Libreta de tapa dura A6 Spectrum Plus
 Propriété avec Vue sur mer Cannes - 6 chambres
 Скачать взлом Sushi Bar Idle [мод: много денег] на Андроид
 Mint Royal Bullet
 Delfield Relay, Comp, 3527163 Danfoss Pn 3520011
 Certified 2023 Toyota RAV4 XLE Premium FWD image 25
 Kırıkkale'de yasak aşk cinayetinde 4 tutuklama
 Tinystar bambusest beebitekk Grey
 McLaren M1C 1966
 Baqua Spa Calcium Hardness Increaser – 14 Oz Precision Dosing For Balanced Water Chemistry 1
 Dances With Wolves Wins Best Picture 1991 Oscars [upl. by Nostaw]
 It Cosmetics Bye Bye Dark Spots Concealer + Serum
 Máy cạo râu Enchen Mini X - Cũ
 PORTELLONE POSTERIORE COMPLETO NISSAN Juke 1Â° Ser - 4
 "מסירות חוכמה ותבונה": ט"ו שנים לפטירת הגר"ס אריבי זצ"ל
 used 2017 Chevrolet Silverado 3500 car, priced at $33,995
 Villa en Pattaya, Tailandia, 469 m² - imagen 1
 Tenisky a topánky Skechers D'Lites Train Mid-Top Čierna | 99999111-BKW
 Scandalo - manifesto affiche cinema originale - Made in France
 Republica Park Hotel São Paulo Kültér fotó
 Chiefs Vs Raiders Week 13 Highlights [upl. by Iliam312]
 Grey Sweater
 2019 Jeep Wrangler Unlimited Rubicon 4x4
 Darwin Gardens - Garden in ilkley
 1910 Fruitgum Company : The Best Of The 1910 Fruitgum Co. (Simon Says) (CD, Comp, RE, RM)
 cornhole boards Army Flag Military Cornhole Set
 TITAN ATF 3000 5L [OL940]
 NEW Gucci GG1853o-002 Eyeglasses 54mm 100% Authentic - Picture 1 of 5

============

* Instructions to follow
Which lines of the material contain "Grey"? List them.

* Result of this exercise
 Tinystar bambusest beebitekk Grey
 Grey Sweater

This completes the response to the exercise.